[AVAILABLE DATA Boundary: Start]

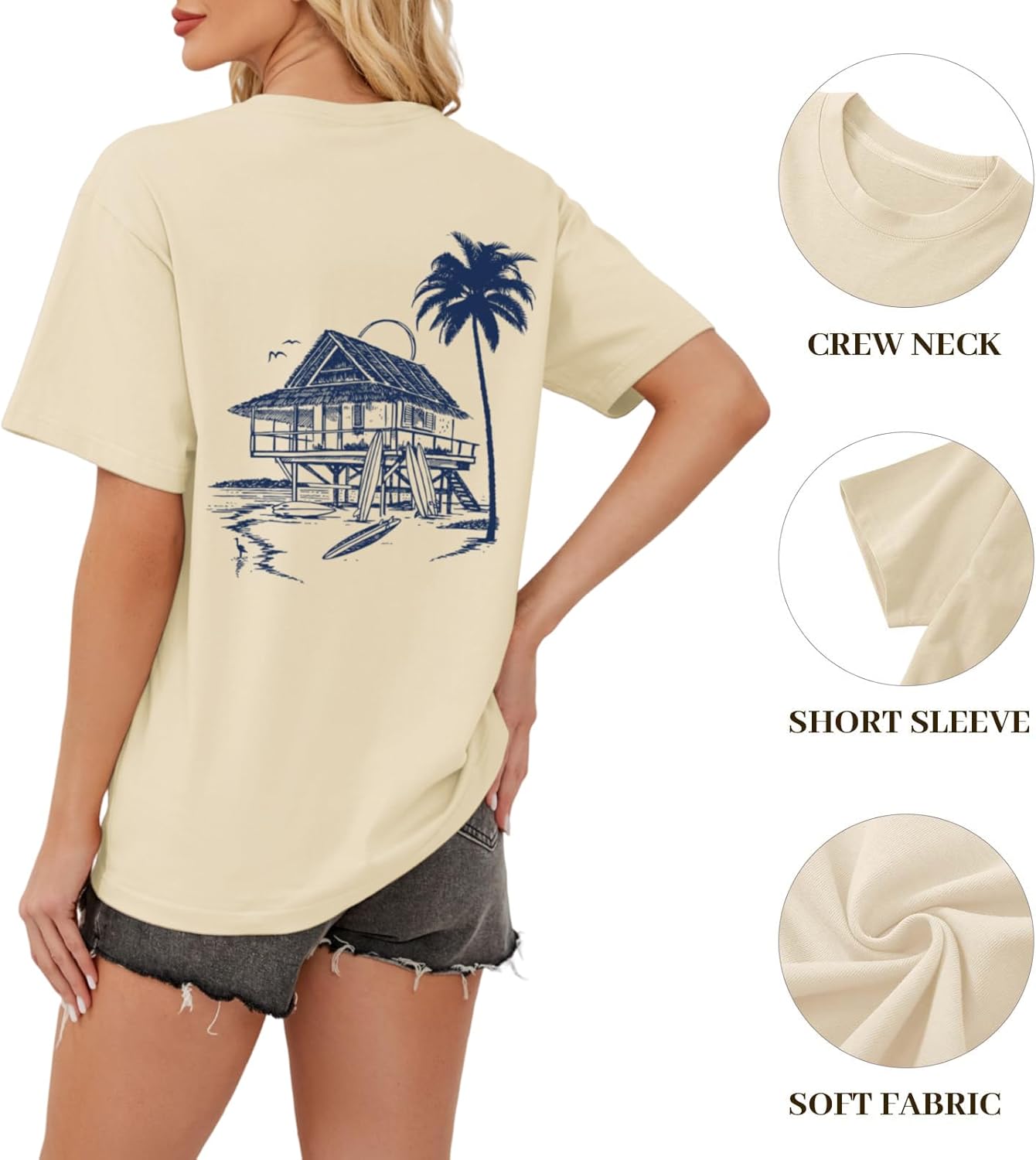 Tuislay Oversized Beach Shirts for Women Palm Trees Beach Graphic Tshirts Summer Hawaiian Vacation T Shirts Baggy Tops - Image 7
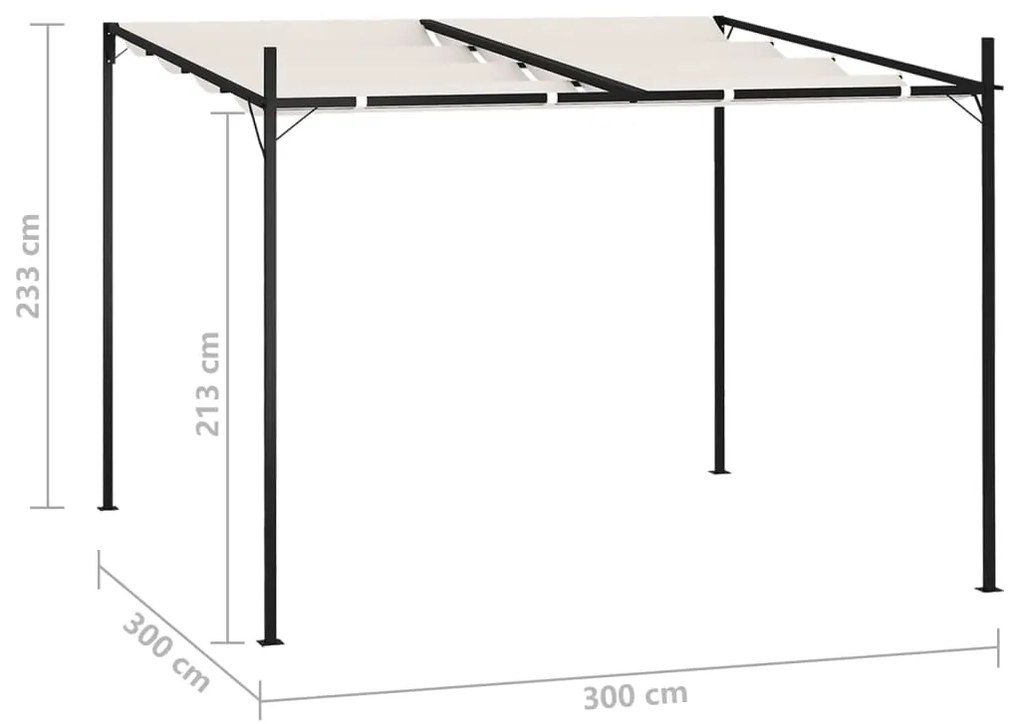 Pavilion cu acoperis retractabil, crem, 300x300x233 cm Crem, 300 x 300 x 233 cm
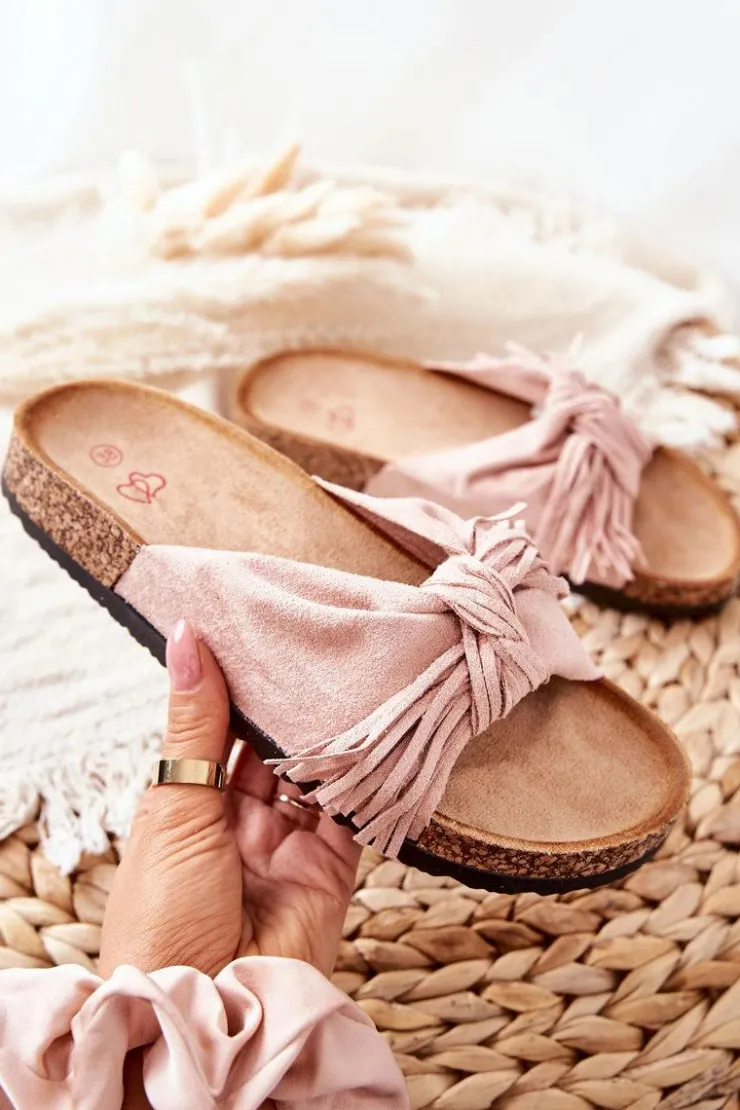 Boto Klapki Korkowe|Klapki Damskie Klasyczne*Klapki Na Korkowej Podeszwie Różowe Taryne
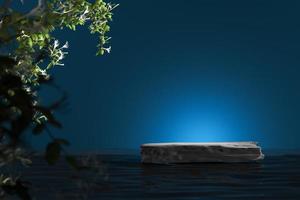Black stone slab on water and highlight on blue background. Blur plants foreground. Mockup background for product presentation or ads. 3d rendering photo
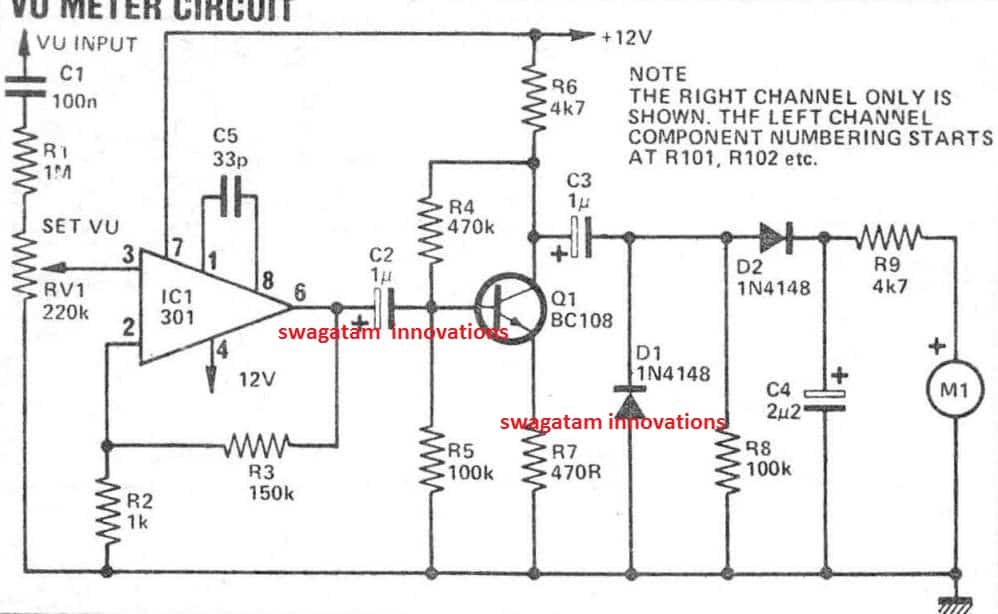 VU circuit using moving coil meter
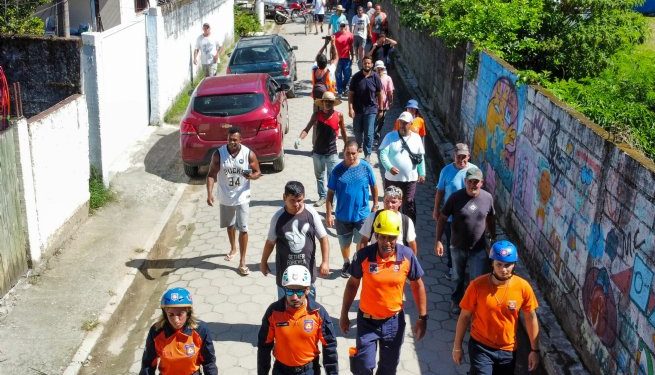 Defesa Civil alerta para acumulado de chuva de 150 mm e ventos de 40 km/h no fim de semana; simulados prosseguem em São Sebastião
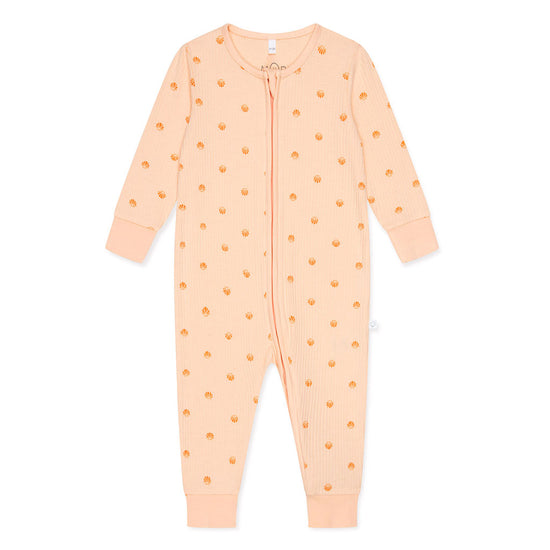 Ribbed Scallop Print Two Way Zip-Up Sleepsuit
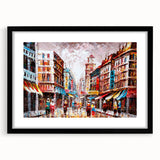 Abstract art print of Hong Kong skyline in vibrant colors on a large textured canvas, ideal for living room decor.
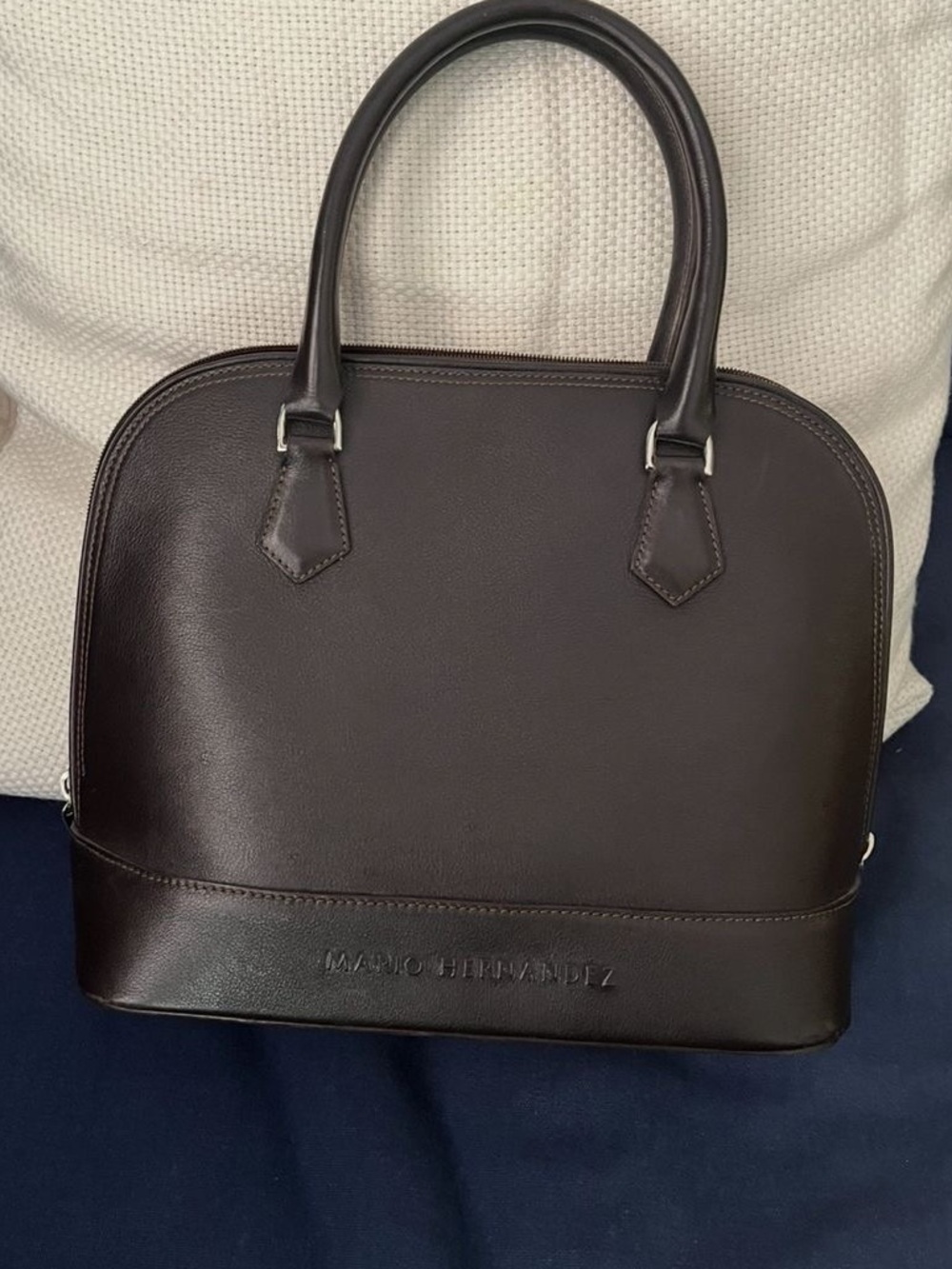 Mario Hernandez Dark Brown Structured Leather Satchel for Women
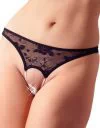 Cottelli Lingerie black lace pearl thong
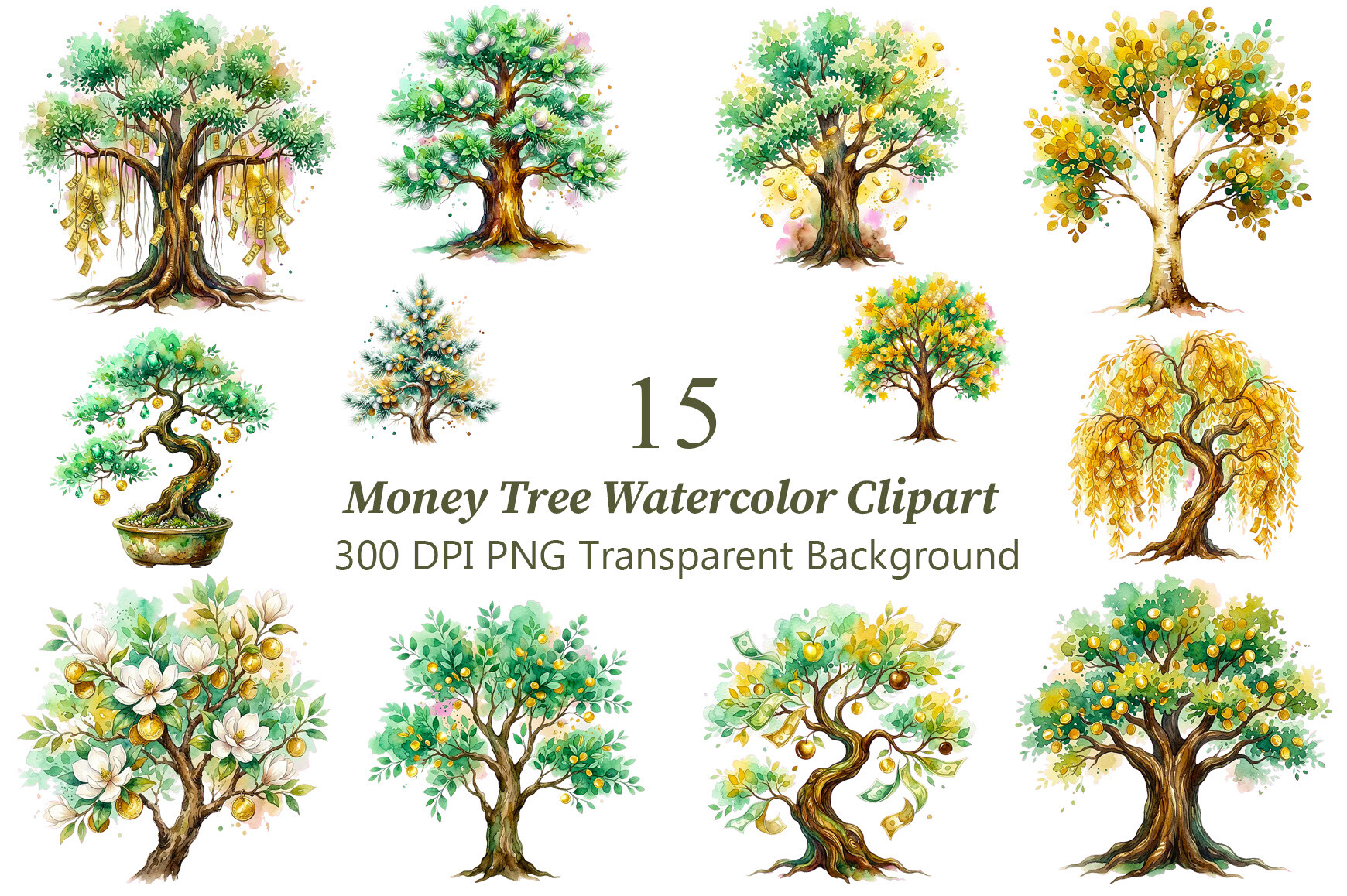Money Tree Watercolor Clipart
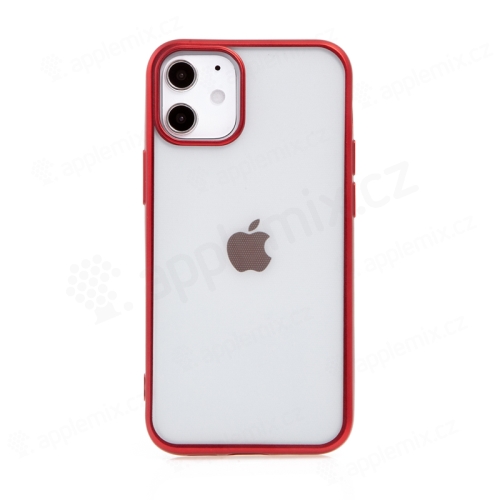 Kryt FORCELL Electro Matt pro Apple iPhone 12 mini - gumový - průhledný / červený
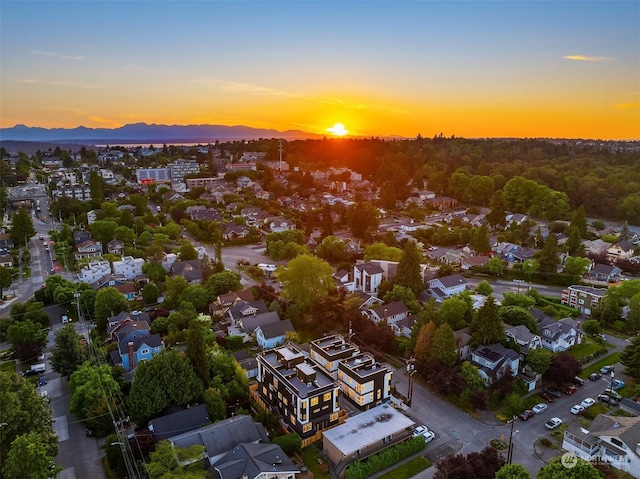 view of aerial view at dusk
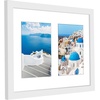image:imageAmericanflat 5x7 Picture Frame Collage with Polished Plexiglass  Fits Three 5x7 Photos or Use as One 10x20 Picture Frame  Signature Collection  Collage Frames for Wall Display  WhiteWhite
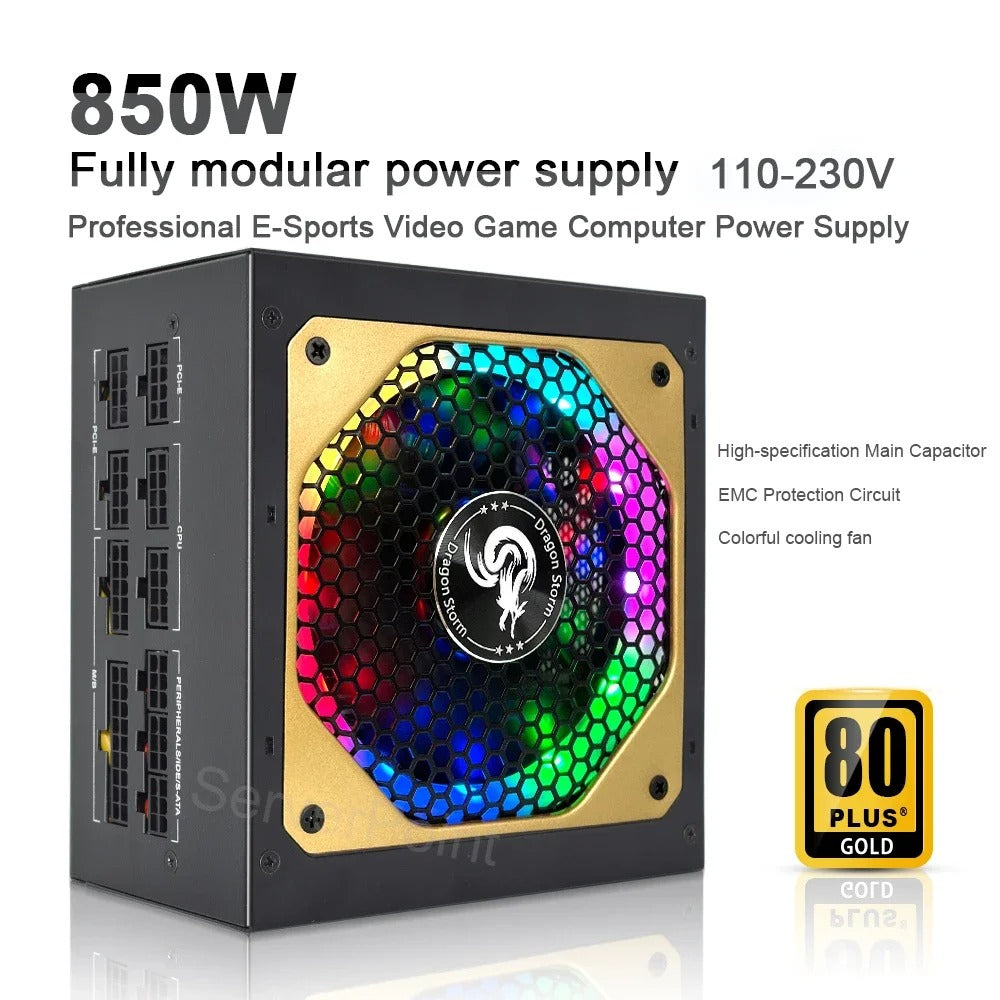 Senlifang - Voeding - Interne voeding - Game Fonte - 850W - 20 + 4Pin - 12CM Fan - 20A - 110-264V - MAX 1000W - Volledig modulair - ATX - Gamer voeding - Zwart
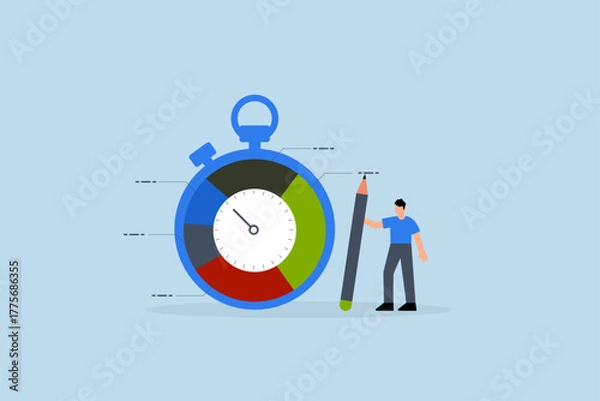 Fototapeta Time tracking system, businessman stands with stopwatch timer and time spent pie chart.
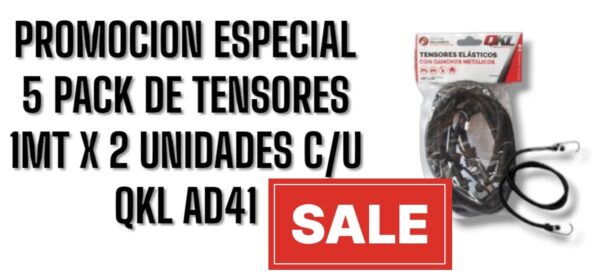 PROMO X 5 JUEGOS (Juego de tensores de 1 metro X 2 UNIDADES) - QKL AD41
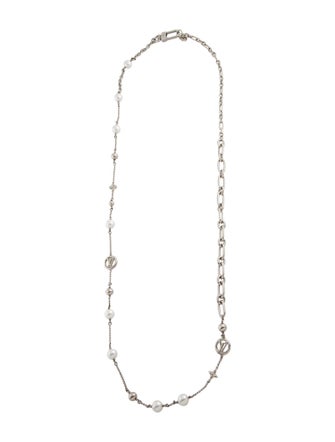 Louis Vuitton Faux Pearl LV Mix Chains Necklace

[AVAILABLE DATA Boundary: End]

• TASK OBJECTIVE: In the data above, find the line containing "PROMO X 5 JUEGOS", then output it and every later line exactly, without the pictures.

• FINISHED EXERCISE:
 PROMO X 5 JUEGOS (Juego de tensores de 1 metro X 2 UNIDADES) - QKL AD41
 Louis Vuitton Faux Pearl LV Mix Chains Necklace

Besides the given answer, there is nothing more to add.